Kiwi_in_Canada said:


> whats going on? is it my fault?


It could be the move. why did you guys move? did she leave anything she loved behind? 

If she doesnt have a job, and istn looking for a job, and is spending all her time on facebook, she might be suffering from mild depression or something. if she's on facebook all the time i would guess she is lonely. 

sometimes women stop wanting sex b/c of built up resentment. i dont know if its your fault, or if its just something she is going through. 

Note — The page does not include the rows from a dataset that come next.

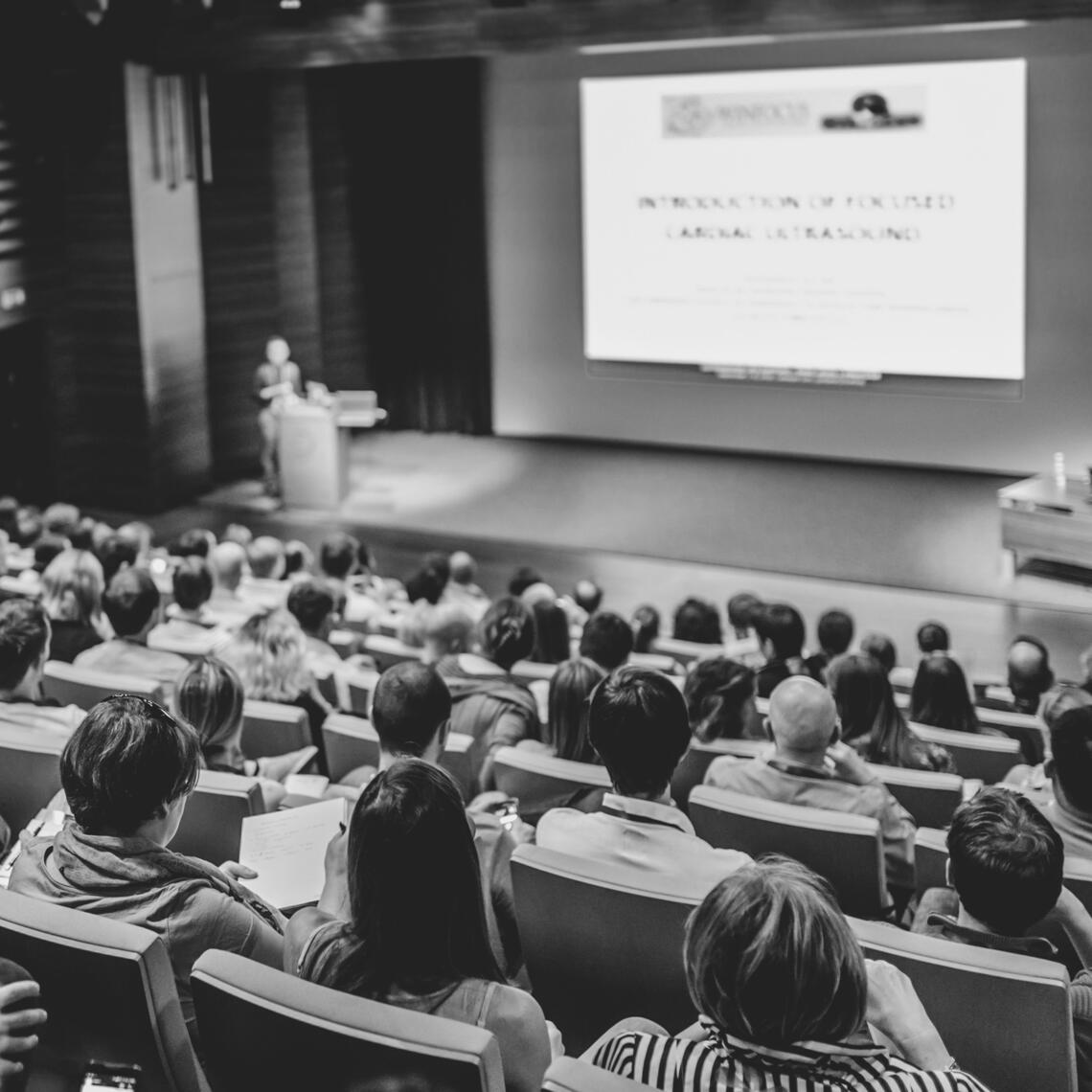 Black and white photo of a crowded conference. The photo is facing towards the presenter so you see the crowd from behind. The presenter screen is on stage and both the screen and podium are blurry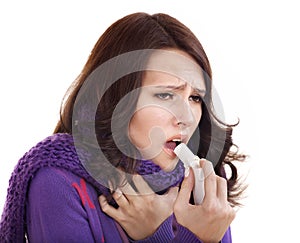 Woman using throat spray.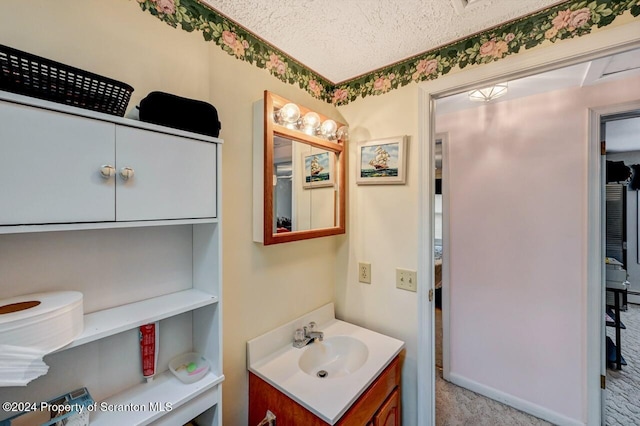 bathroom with vanity and a textured ceiling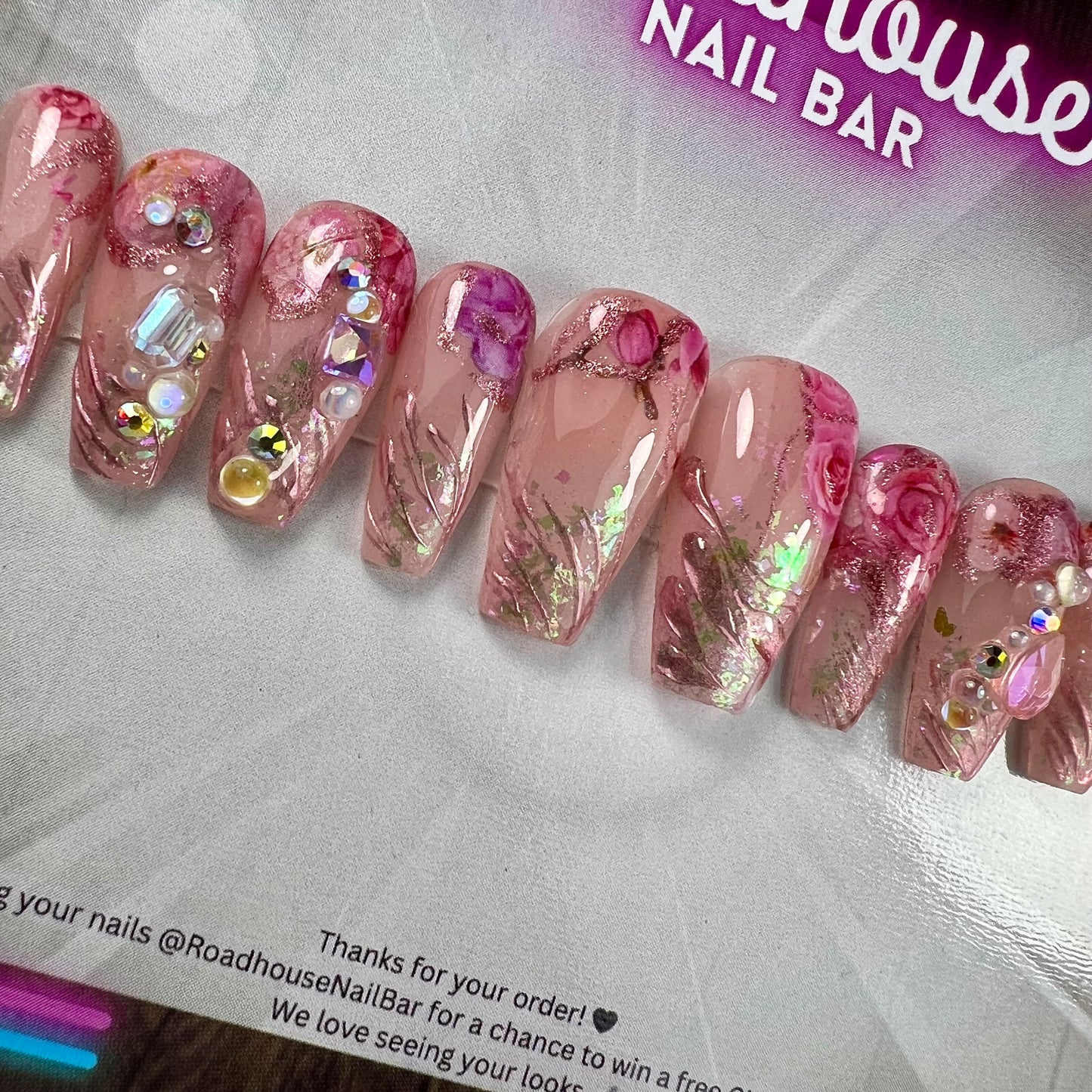 Luxury pink press-on nails featuring 3D roses, pearls and romantic textured detailing.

My H rejected me a lot in intimacy when we moved, too. i also had to initiate all the time and it was no good. i think you should stop initiating. believe me i know it sucks. ive been there. but its better then you building up so much anger and being even more resentful later.


----------



## Amplexor (Feb 13, 2008)

ljtseng said:


> It could be the move. why did you guys move? did she leave anything she loved behind?
> 
> If she doesnt have a job, and istn looking for a job, and is spending all her time on facebook, she might be suffering from mild depression or something. if she's on facebook all the time i would guess she is lonely.
> 
> ...



:iagree:

Also, do you suspect she is spending too much time on face book and has developed a relationship with someone there? Probably not physical, but emotional? I would seek answers there if you can without snooping.


----------



## Initfortheduration (Dec 12, 2008)

You need to know what is going on with the face book.... You may need a keylogger. For all you know she is having on line sex during the day. Either that or get a video camera and set up while your gone.


----------



## Mr B (Feb 6, 2009)

Doesn't matter who's fault it is. Don't marry her until you find out what's going on. Take it from a veteran, sexless marriages are no fun.


----------



## cone (Aug 6, 2008)

Sounds like my situation. When we were dating she could not get enough wild hot crazy sex. 

Now, we are married and she moved to my town. She spends time on facebook and it's like she gets angry at me if I mention sex or suggest it.


----------



## MarkTwain (Aug 1, 2008)

Cone, I sent you a PM.


----------